Turquie, Algérie. Il est a priori parfaitement artificiel de comparer les événements politiques qui viennent d'intervenir au cours des derniers jours dans ces deux pays. Une simple défaite à des élections municipales pour l'AKP, le parti du président Erdogan, en Turquie ; la fin d'un règne, celui de la famille Bouteflika, en Algérie.
Il existe pourtant d'intéressantes comparaisons/oppositions à faire entre les deux situations : du rôle respectif de l'armée à celui de l'islam, en particulier.

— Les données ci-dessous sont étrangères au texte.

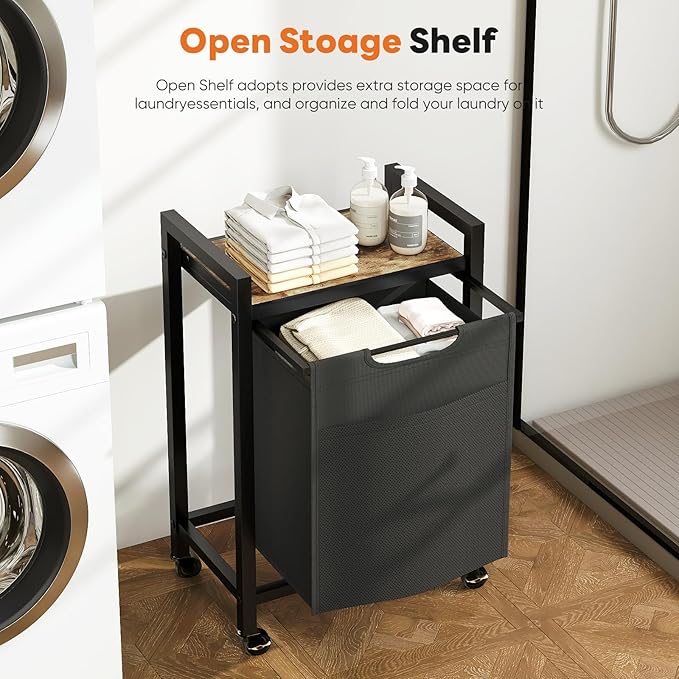 DUMOS Laundry Hamper with 1 Pull-Out Removable Sorter Bags, Movable Wheels, Freestanding Clothes Basket Organizer in Bathroom, 1 × 18.3Gal (69L) Capacity, Rustic Brown and Black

Pour commencer, les événements qui viennent de se produire sonnent comme un avertissement pour les régimes autoritaires, ou ceux qui le deviennent toujours davantage. Ils sont particulièrement vulnérables aux retombées politiques et sociales des mauvais résultats de leurs économies.
Règlements de comptes
"Acheter" la stabilité de son peuple, comme le fit le pouvoir algérien au moment de la période dite des "printemps arabes", puis agiter l'épouvantail de la guerre civile n'a pas suffi à contenir la colère de la rue. Le pouvoir en place en Turquie peut se draper de l'étendard d'un islam conservateur mais modéré, et jouer de la nostalgie néo-ottomane d'une partie importante de son peuple, rien n'y a fait. La livre turque a chuté de plus de 30 %. La croissance et la prospérité ne sont plus au rendez-vous.

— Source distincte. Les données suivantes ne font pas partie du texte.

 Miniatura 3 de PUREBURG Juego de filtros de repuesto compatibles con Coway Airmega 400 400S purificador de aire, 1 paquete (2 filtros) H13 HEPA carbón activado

Vingt ans, c'est tout simplement trop, pour les deux pouvoirs, pour les deux pays. En Algérie, un AVC a fait du "Roi qui se meurt" un objet de pitié, sinon de risée. En Turquie, Recep Erdogan a perdu la confiance de ses électeurs non seulement dans la capitale Ankara, mais aussi dans la ville qui l'avait politiquement fait et lancé, Istanbul. Une page se tourne.
Le changement le plus spectaculaire, intervenu en Algérie, n'est pas nécessairement le plus significatif ou le plus important à terme. Ce qui se produit en Algérie en 2019 peut encore correspondre à une version - pour le moment pacifique - des événements qu'a connus la Roumanie en 1989 : un coup d'Etat maquillé en révolution. Il est trop tôt pour l'affirmer, mais célébrer la victoire du peuple est au mieux prématuré, au pis une dangereuse illusion. Le président a été démissionné, ses proches éloignés, et pour faire bonne mesure le "clan des affairistes" a été puni de manière très sélective. Mais on assiste plus à une forme de règlement de comptes sous la pression de la rue, entre les tenants du système, qu'à la disparition de celui-ci. L'armée a fait du clan Bouteflika un fusible facile, espérant ainsi gagner du temps.